🤖 AI Summary
This study investigates how speech translation (ST) models infer speaker gender from acoustic signals and map it onto target-language grammatical gender systems to mitigate gender mistranslation caused by pitch bias or language models’ male-default preferences. Methodologically, we propose a multilingual (en→es/fr/it) experimental framework integrating contrastive feature attribution analysis with internal representation probing—first revealing that models rely not solely on pitch but on full-spectrum acoustic distributions, dynamically linking acoustic features to gendered lexical items via first-person pronouns.

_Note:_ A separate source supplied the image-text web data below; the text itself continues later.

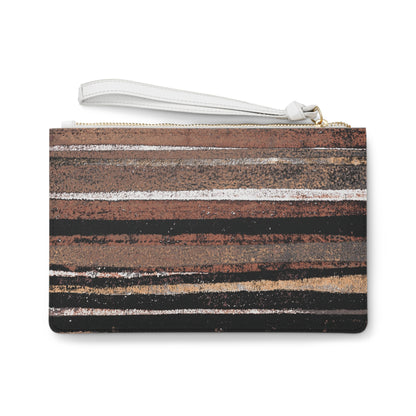The Vegan Leather Clutch - Rustic Stripe, Copper Hills
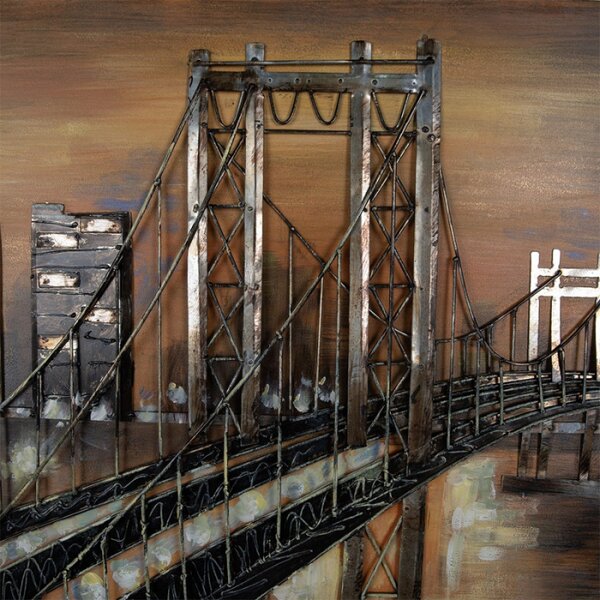 3D kovový nástěnný obraz Most v noci – 120x80 cm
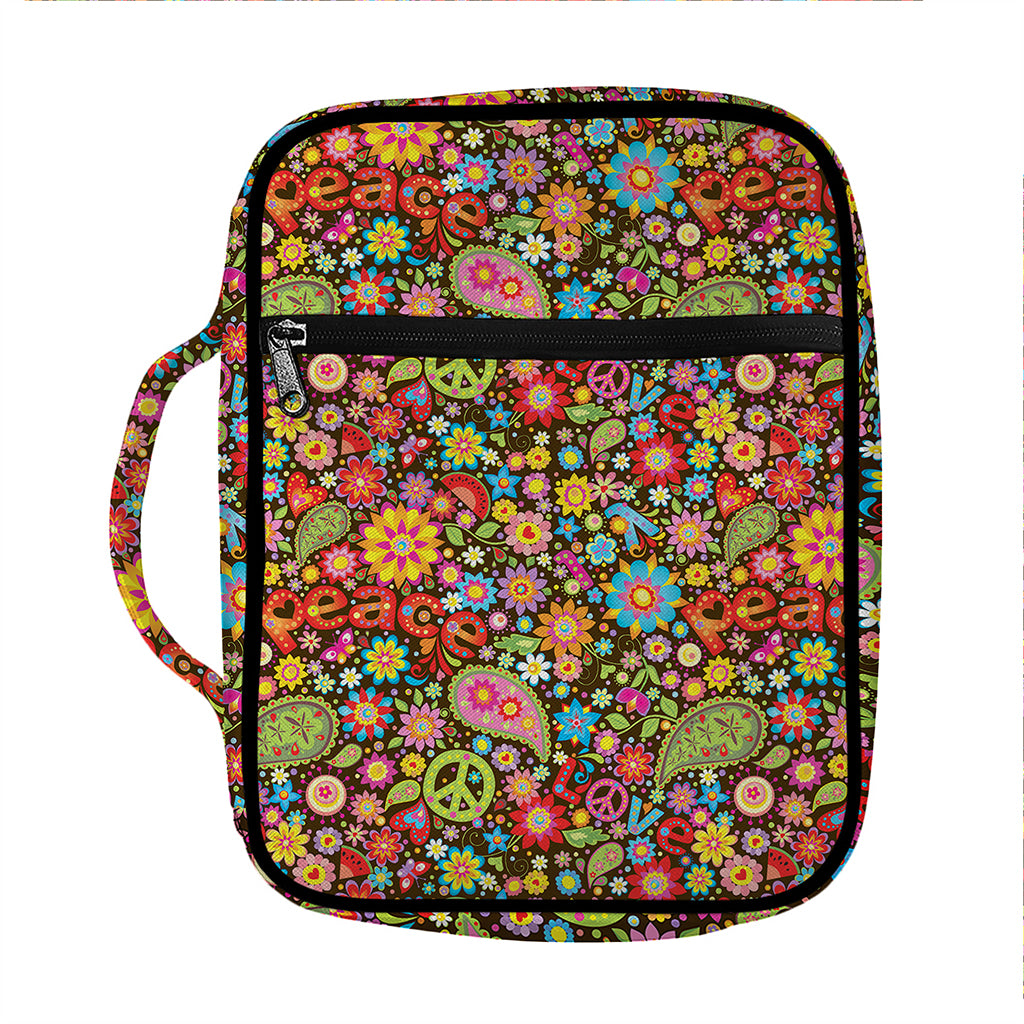 Colorful Hippie Peace Symbols Print Front Pocket Bible Bag
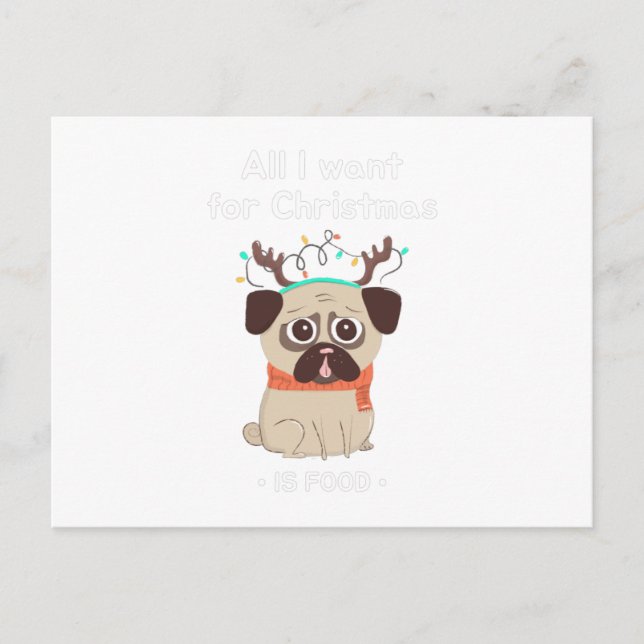 Carte Postale Tout I want for Christmas .IS FOOD. Funny Bunny (Devant)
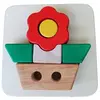 Image de Puzzle en Bois 3D Fleur - Assembler & Empiler - 12M+ Blueribbon-B83413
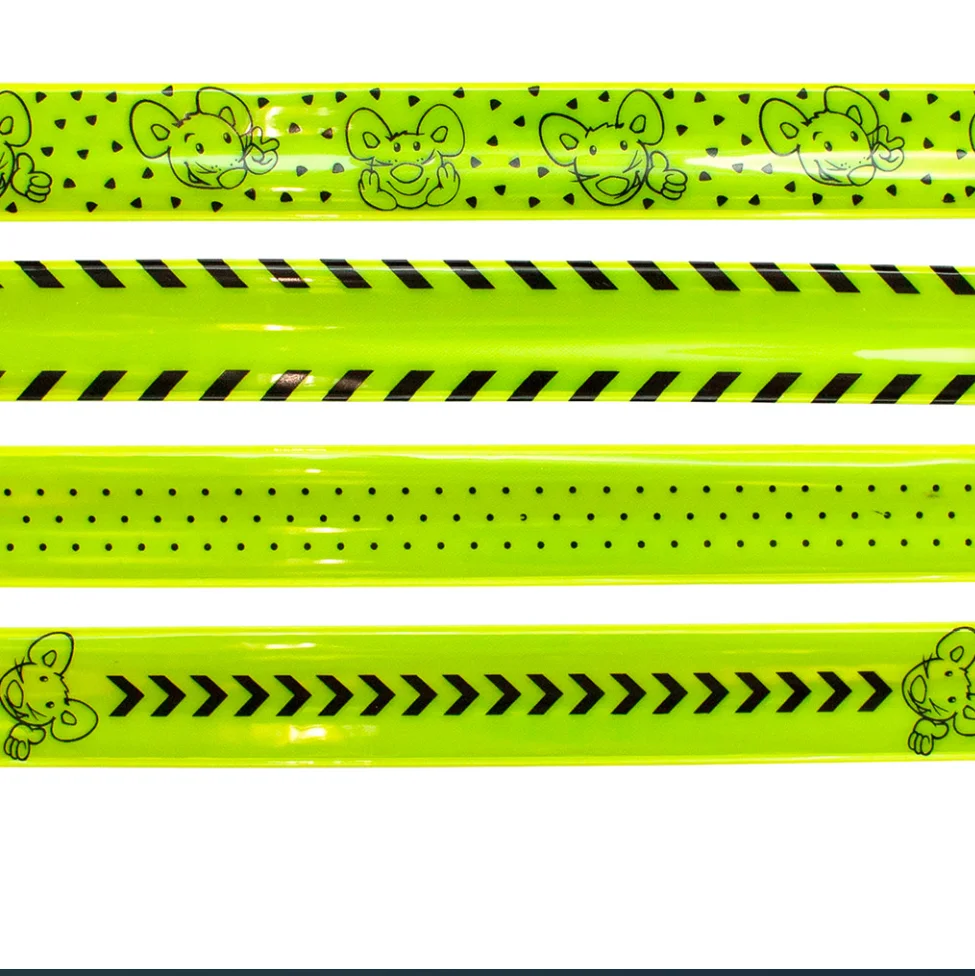reflective event wristband slap pvc with custom logo Fluorescent Slap Bracelets Reflective Bands Ankle Cuff Snap Bracelet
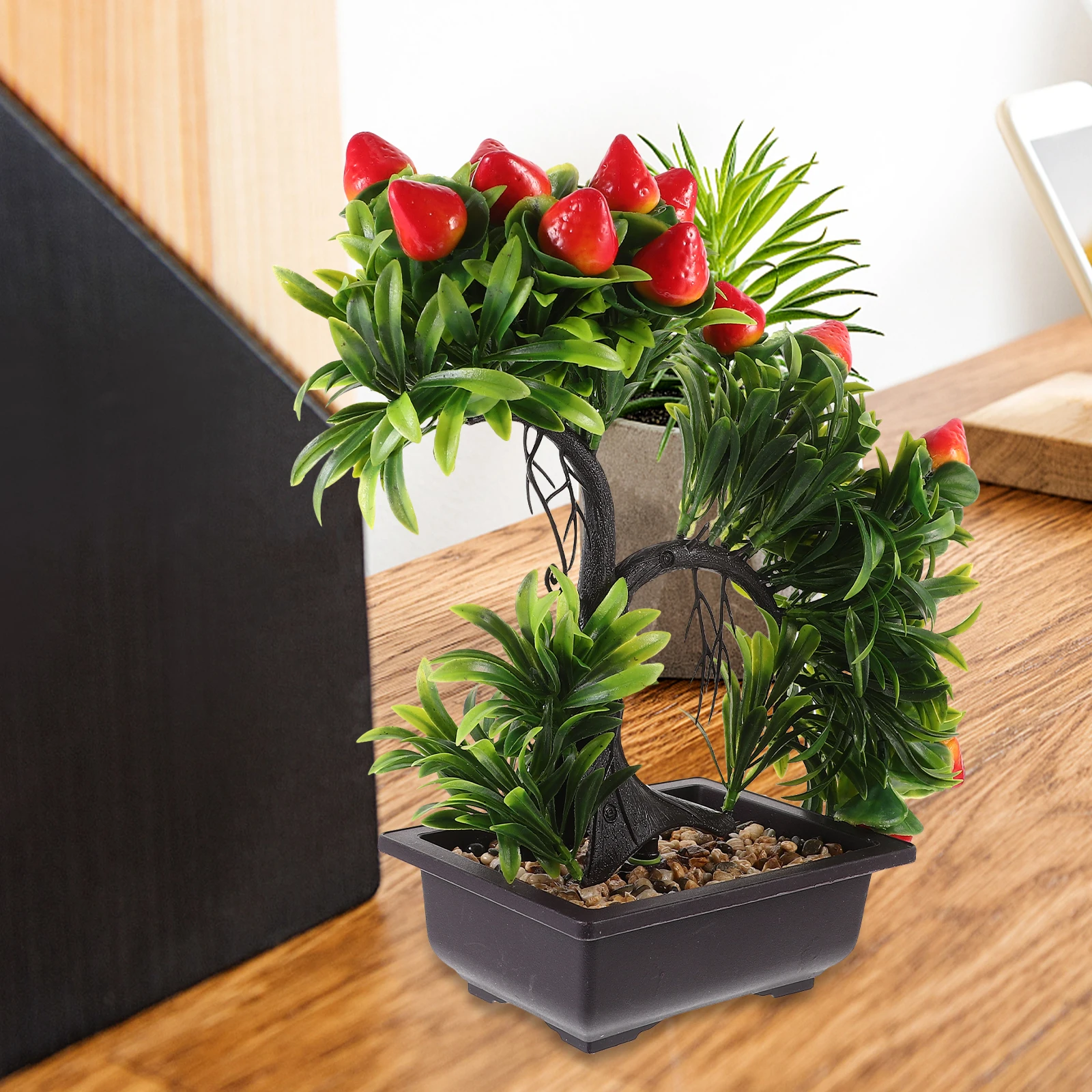 

Simulated Flower Bonsai Fake Potted Plants Home Desktop Decor Bell Grass Lotus Color Artificial Small Plants for Office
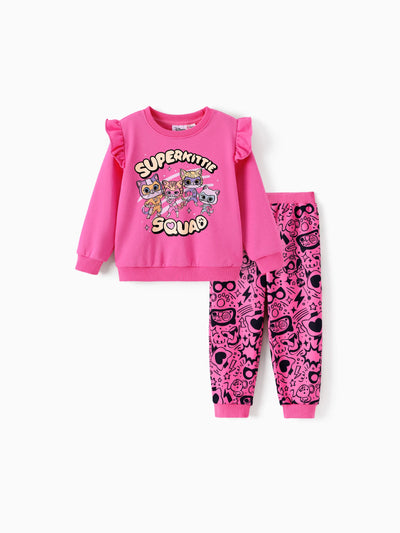 Disney Mickey and Friends Toddler Girl 2pcs Superkittie Squad Flutter Long-sleeve T-shirt with Leggings Set Pink Pink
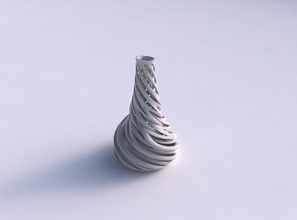 vaso di larghezza inferiore a lunga slim collo intreccio linee molto contorto ondulate casa il ampia fondo lungo le twisted arredamento 3d print model - Mito3D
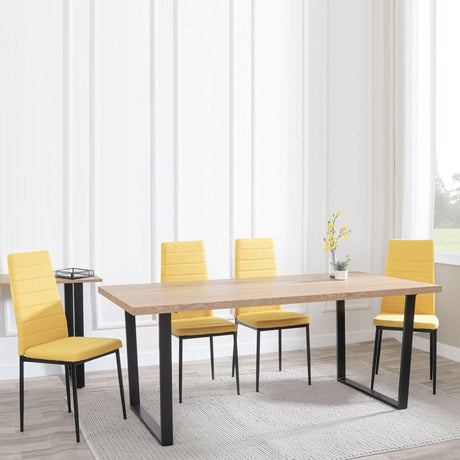 Ezra Oak Effect Dining Set - Lido Yellow Fabric Chairs with Black Legs-3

Key contributions include: (1) identifying a novel fine-grained gender inference mechanism; (2) demonstrating that high-quality ST models effectively compensate for gender biases inherent in downstream language models; and (3) validating that distributed spectral utilization significantly improves cross-lingual gender reference accuracy.
📝 Abstract
Unlike text, speech conveys information about the speaker, such as gender, through acoustic cues like pitch. This gives rise to modality-specific bias concerns. For example, in speech translation (ST), when translating from languages with notional gender, such as English, into languages where gender-ambiguous terms referring to the speaker are assigned grammatical gender, the speaker's vocal characteristics may play a role in gender assignment. This risks misgendering speakers, whether through masculine defaults or vocal-based assumptions. Yet, how ST models make these decisions remains poorly understood. We investigate the mechanisms ST models use to assign gender to speaker-referring terms across three language pairs (en-es/fr/it), examining how training data patterns, internal language model (ILM) biases, and acoustic information interact. We find that models do not simply replicate term-specific gender associations from training data, but learn broader patterns of masculine prevalence. While the ILM exhibits strong masculine bias, models can override these preferences based on acoustic input. Using contrastive feature attribution on spectrograms, we reveal that the model with higher gender accuracy relies on a previously unknown mechanism: using first-person pronouns to link gendered terms back to the speaker, accessing gender information distributed across the frequency spectrum rather than concentrated in pitch.